The proposed delisting would remove ESA protections for the population but maintain research and monitoring. It would turn over management of the species to the states and allow for a hunting season, a controversial aspect that tribes, including the Confederated Salish and Kootenai, oppose.

Grizzly bears were listed as threatened under the U.S. Endangered Species Act in 1975, but they are believed to be recovering, particularly the populations occupying distinct regions — the robust grizzly populations of the much-larger NCDE and the Greater Yellowstone Ecosystem, which are growing at an annual rate of roughly 3 percent.

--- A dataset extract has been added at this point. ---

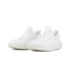 Кроссовки Adidas Yeezy 350 boost v2 T - White
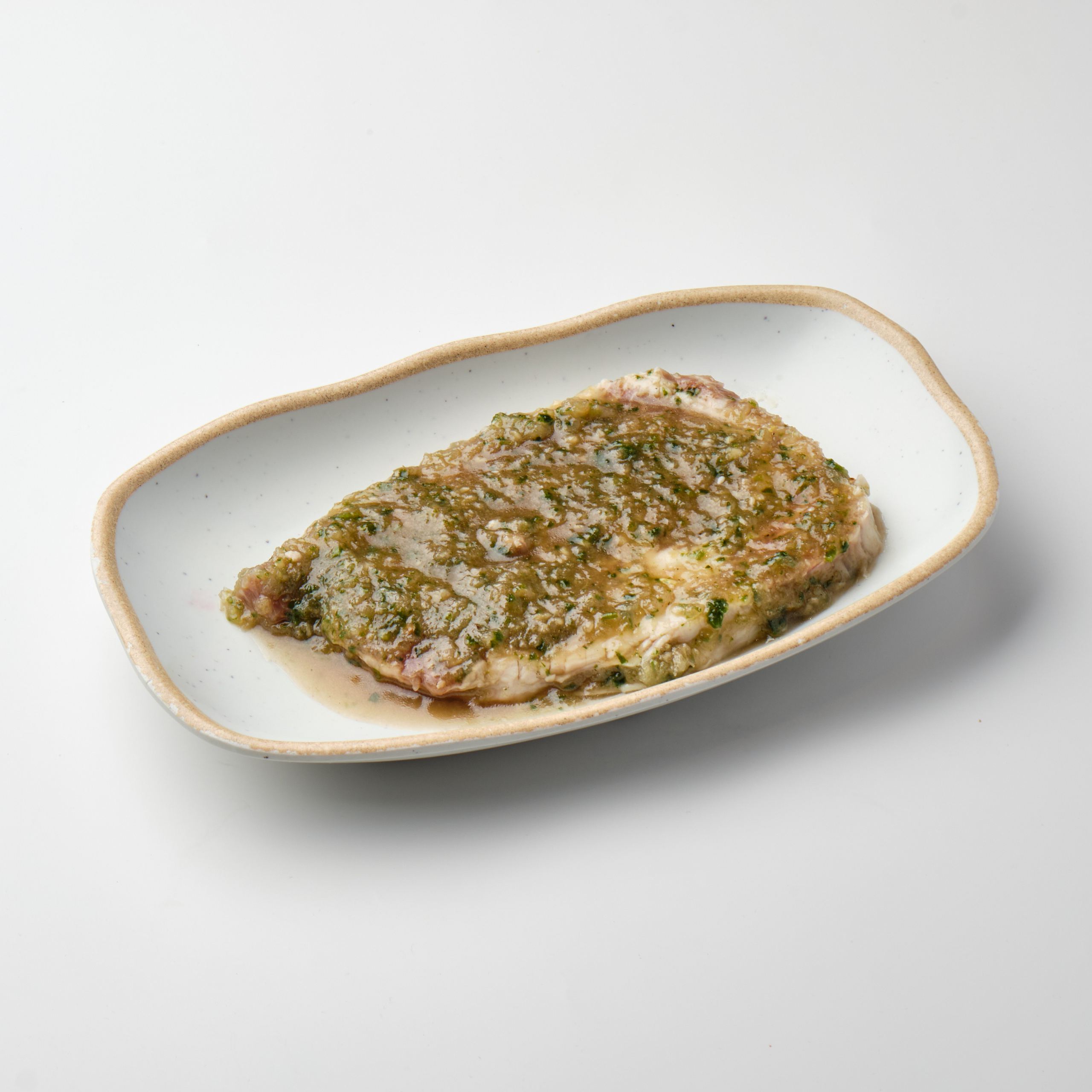 Hite — корейский ресторан. Фуд-фотограф в Москве | Профессиональная съемка блюд и еды | Горбачёв Виталий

Last year, federal officials announced the decision to remove grizzly bears from the Greater Yellowstone Ecosystem, ending 42 years of federal management of the iconic mammal under the auspices of the USFWS.

Grizzly bears once numbered about 50,000 and ranged over much of North America. Their population plummeted starting in the 1850s because of widespread hunting and trapping, and the bears now occupy only 2 percent of their original territory.

The Obama administration first proposed removing grizzlies as a threatened species by issuing an initial ruling in March 2016.

Although a lawsuit challenging the decision to delist NCDE grizzlies from Endangered Species Act protections is likely, federal officials said the science behind the decision and the management plan will likely withstand a legal challenge.

Endangered Species Act protections set strict rules meant to protect species from being killed or their habitat being harmed, as opposed to state management practices that can include hunting or trapping as a means to keep an animal’s population in check.

The federal agency’s rule set a minimum population of 500 bears for Yellowstone, and requires states to curb hunting if the population falls below 600.

Scientists also studied the effects of climate change on grizzly bears and their food sources, such as the nuts of whitebark pine trees, which are in decline.